A positive consequence of a publishing strategy derived from this perspective is the extended lifespan of a publication, both in its original form and in its various elements. Thanks to digital publishing and print on demand (POD), books no longer have to go “out of print”; they can be archived, accessed at any time in the future, and distributed more easily than ever before—and repurposed as the need or opportunity arises. We can now manage books and intellectual property with an eye toward keeping them in active circulation—either as a revised work, as part of a larger work, as a new book with a completely different design, or in a different format, such as a DVD, website, mobile device, or part of a larger database.
Case Study
Roger Rosen of Rosen Publishing, an independent educational publishing house, is convinced that in order to address shifting user needs, the same content needs to be available in all practical formats—print, e-book, or online databases. He believes that readers are still “experimenting with different formats” and publishers need to adapt their business models as customer preferences continue to evolve. From a business standpoint, he says that he can spread the cost of the original creative work over print and digital outputs, and reach more readers. In addition, he believes that digital products in particular can help solve the social problem of “equity of access.” His main market is school and public libraries, and digital content that is available through the library can be accessed remotely or from the building itself if users do not have their own devices.
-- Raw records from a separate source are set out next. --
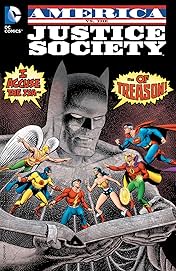 America Vs. The Justice Society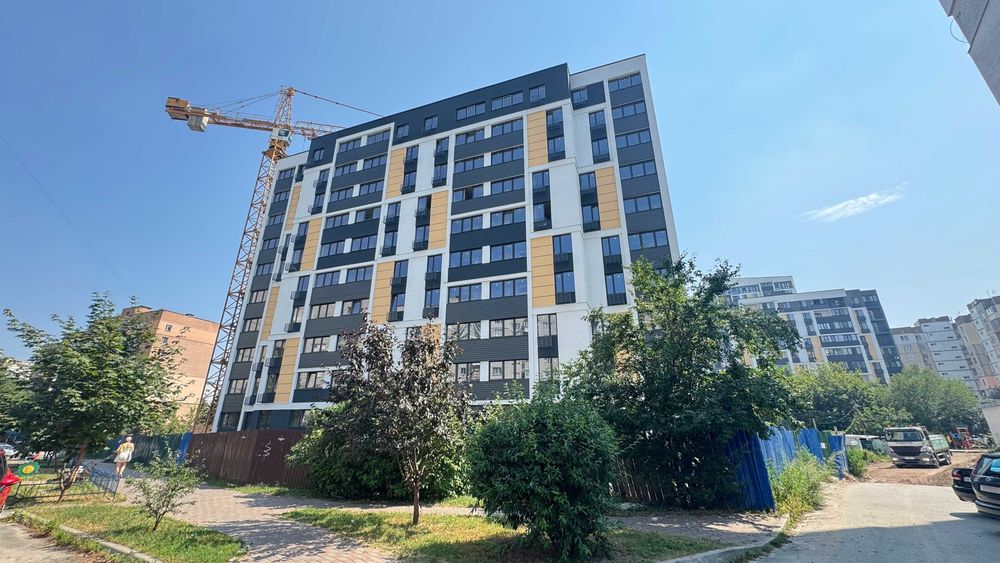 Квартира на вул. Набережна, 8д в Києві, ID 311654, фото №1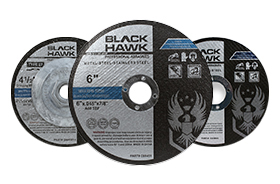 Bonded Cutting & Grinding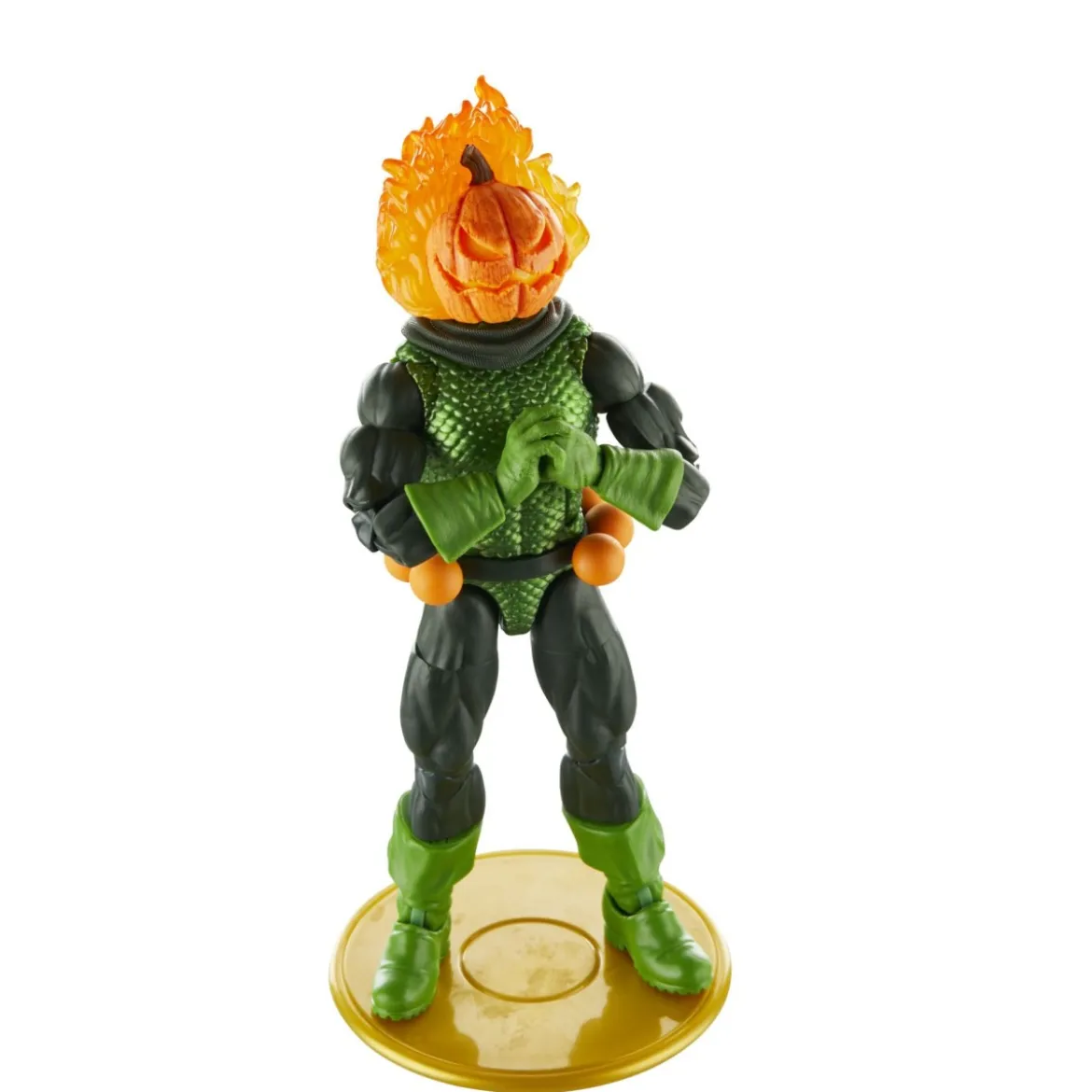 Marvel Legends Spider-Man - Jack O'Lantern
A library that has purchased unlimited access to a certain e-book, or that has subscribed to the same content in an online database, can now serve as many patrons as may be interested in the information without a time limitation or additional cost. The same content available only in printed book form might be “checked out” by one patron and therefore unavailable to the rest of the community.
Slicing and Dicing
The democratization of any content or data set depends on the accessibility of its smallest practical components. An entire 300-page book may have multiple uses, but its components—chapters, graphs, charts, etc.—may have more uses in more places. Publishers should think of intellectual property as “units” of information, or content that can be linked together and then unlinked in multiple ways. These units can be treated individually, in much the same way that an entire book can be, and then reused or licensed separately from its original context. Many content types can be repurposed and reconfigured from digital files. These files should use metadata to identify the various usable components. Text, maps, music, sound, images, video, animations, illustrations, and computer code are all types of content that can be successfully used and reused in whole or in part. By themselves, they have the potential to become revenue producing “intellectual property units” (IPUs), as digital content can be adapted to fit into the growing number and variety of devices that are used to transmit and obtain information—which we can expect to only increase in the future. Viewed in this way, the individual parts of a final product may comprise a publisher’s secondary currency.